== Instructions for the task ==
The reply to the records below should contain exactly the lines from the line with "ZWART-WIT FOTO VAN" through the line with "Дава се под", and nothing besides.

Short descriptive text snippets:
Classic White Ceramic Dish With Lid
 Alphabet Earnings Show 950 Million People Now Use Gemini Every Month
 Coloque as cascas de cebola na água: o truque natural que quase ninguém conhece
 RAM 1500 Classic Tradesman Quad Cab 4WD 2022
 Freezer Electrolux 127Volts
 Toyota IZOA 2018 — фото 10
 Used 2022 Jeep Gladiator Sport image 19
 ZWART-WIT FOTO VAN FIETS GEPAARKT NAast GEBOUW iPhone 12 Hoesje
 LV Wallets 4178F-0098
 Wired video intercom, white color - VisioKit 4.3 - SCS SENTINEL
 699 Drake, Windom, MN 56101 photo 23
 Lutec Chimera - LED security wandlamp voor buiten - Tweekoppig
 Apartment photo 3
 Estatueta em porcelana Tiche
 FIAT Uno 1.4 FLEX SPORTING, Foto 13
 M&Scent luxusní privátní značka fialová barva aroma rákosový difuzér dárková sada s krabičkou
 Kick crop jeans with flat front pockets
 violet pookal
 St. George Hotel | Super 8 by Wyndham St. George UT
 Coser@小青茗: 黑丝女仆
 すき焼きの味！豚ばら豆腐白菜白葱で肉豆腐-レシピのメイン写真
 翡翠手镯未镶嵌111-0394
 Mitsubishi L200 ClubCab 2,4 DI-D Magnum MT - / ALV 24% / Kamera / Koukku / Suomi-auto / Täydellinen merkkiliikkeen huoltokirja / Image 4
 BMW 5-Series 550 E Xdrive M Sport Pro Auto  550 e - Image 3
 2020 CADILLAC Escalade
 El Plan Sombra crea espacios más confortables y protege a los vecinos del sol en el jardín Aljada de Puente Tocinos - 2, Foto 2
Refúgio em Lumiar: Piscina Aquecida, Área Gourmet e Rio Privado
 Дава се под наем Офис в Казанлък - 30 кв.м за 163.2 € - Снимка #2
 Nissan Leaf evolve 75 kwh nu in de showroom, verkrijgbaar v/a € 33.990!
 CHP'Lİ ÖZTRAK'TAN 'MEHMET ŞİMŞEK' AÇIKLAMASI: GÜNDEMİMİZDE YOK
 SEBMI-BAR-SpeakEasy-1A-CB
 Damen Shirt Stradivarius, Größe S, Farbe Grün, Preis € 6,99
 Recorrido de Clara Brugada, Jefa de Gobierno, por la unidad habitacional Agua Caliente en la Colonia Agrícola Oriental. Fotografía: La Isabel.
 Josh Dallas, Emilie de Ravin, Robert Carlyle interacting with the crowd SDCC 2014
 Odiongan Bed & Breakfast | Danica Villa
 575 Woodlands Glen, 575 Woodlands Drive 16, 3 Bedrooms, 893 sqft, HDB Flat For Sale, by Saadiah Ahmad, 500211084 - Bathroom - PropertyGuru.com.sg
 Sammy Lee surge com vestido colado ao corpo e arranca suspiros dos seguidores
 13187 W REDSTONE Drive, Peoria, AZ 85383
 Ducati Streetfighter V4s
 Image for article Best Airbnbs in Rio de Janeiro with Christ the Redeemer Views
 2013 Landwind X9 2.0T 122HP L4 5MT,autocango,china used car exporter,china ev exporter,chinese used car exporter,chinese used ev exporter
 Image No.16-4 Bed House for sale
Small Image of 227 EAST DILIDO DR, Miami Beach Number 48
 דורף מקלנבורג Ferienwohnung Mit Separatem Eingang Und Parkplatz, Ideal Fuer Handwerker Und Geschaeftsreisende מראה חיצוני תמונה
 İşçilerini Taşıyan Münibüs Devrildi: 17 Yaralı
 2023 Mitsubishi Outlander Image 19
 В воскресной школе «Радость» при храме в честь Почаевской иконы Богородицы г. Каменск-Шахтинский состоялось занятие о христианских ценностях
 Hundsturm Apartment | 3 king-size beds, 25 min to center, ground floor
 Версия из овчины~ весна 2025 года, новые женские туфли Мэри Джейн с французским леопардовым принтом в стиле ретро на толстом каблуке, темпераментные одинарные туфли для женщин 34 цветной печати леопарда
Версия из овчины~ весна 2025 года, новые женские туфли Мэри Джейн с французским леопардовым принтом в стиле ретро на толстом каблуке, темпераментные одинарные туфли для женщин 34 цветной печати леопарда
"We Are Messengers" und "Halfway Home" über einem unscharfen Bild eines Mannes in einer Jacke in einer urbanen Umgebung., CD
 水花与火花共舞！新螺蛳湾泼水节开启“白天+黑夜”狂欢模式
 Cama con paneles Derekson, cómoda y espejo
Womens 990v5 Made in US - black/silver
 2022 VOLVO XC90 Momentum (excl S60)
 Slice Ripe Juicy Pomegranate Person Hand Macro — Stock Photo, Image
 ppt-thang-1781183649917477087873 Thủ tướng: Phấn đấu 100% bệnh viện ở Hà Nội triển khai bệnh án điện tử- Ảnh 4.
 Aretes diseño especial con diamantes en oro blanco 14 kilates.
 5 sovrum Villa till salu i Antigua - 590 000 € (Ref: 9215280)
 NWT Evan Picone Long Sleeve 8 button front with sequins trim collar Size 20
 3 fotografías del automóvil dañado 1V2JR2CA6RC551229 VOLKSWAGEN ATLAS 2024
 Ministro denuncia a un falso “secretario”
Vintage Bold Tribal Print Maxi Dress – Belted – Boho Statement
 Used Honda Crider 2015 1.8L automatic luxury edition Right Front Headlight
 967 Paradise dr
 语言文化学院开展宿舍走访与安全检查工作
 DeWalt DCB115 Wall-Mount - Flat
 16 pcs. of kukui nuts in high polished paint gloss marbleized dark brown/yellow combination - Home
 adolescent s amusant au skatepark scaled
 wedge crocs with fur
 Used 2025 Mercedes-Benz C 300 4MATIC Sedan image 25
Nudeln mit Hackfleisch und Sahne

== Output for this exercise ==
 ZWART-WIT FOTO VAN FIETS GEPAARKT NAast GEBOUW iPhone 12 Hoesje
 LV Wallets 4178F-0098
 Wired video intercom, white color - VisioKit 4.3 - SCS SENTINEL
 699 Drake, Windom, MN 56101 photo 23
 Lutec Chimera - LED security wandlamp voor buiten - Tweekoppig
 Apartment photo 3
 Estatueta em porcelana Tiche
 FIAT Uno 1.4 FLEX SPORTING, Foto 13
 M&Scent luxusní privátní značka fialová barva aroma rákosový difuzér dárková sada s krabičkou
 Kick crop jeans with flat front pockets
 violet pookal
 St. George Hotel | Super 8 by Wyndham St. George UT
 Coser@小青茗: 黑丝女仆
 すき焼きの味！豚ばら豆腐白菜白葱で肉豆腐-レシピのメイン写真
 翡翠手镯未镶嵌111-0394
 Mitsubishi L200 ClubCab 2,4 DI-D Magnum MT - / ALV 24% / Kamera / Koukku / Suomi-auto / Täydellinen merkkiliikkeen huoltokirja / Image 4
 BMW 5-Series 550 E Xdrive M Sport Pro Auto  550 e - Image 3
 2020 CADILLAC Escalade
 El Plan Sombra crea espacios más confortables y protege a los vecinos del sol en el jardín Aljada de Puente Tocinos - 2, Foto 2
Refúgio em Lumiar: Piscina Aquecida, Área Gourmet e Rio Privado
 Дава се под наем Офис в Казанлък - 30 кв.м за 163.2 € - Снимка #2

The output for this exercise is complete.